The notice exempts certain persons from the substantial security holders' disclosure obligations found in sections 22 to 25 of the Securities Markets Act 1988 (the Act) in respect of certain relevant interests under the new NZCDC settlement system.

The Securities Commission considers that it is appropriate to grant the exemptions because—

  • the exemptions are consistent with the current policy of the Act, which excludes certain interests in securities from the definition of relevant interest, thereby limiting the scope of the circumstances in which substantial holdings in securities must be disclosed:

  • given the nature and extent to which interests may arise by virtue of the operation of the NZCDC settlement system and the parties that may hold an interest, compliance with the Act in full may otherwise inhibit an informed market:

  • the relevant interests in securities falling within the exemptions arise as a result of the holding and transfer of relevant interests through the operation of NZX's markets and the settlement system.

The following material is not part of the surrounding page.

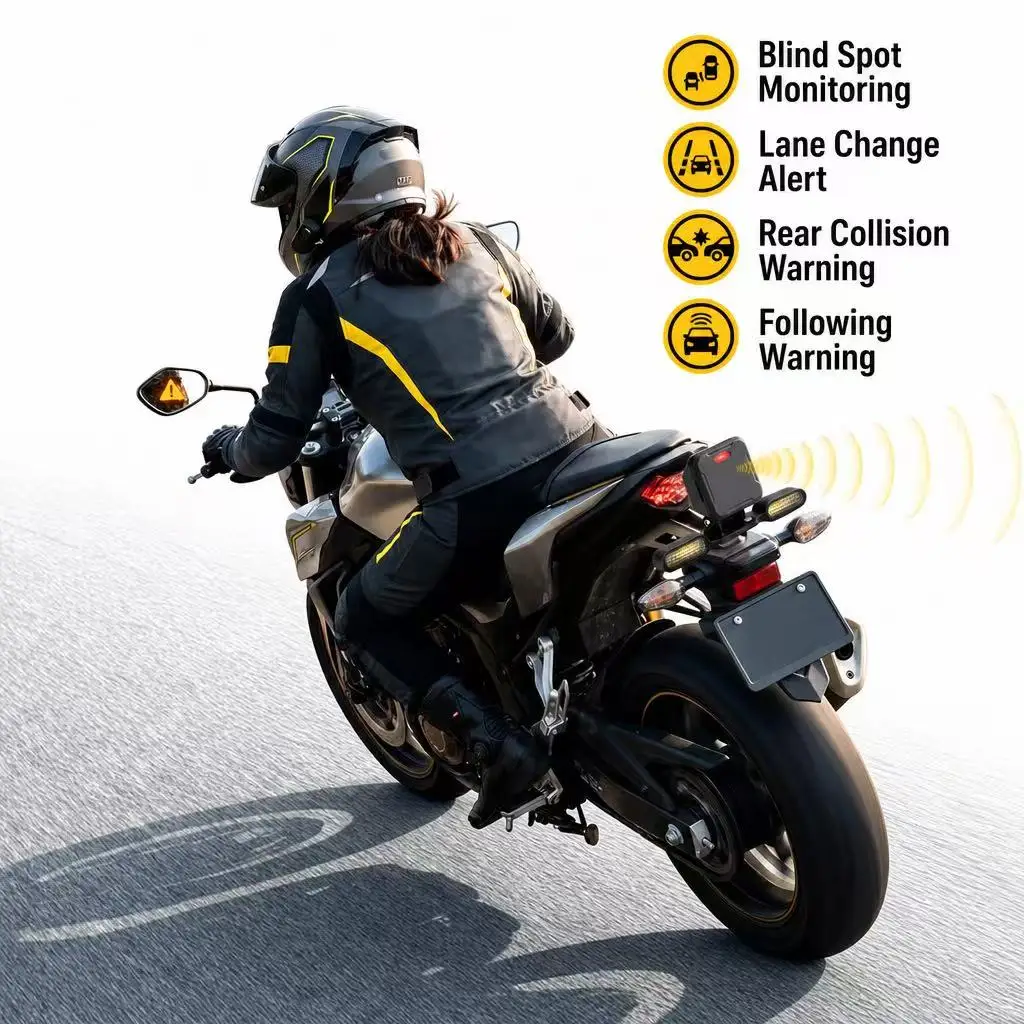 Motorcycle Blind Spot Detection System High Precision Long Distance BSD Motorcycle Electronic Accessories Driving Safety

Issued under the authority of the Legislation Act 2012.

Date of notification in Gazette: 2 September 2010.


Reprints notes
1 General
  • This is a reprint of the Securities Markets Act (NZCDC Settlement System) Exemption Notice 2010 that incorporates all the amendments to that notice as at the date of the last amendment to it.

2 Legal status
  • Reprints are presumed to correctly state, as at the date of the reprint, the law enacted by the principal enactment and by any amendments to that enactment. Section 18 of the Legislation Act 2012 provides that this reprint, published in electronic form, has the status of an official version under section 17 of that Act. A printed version of the reprint produced directly from this official electronic version also has official status.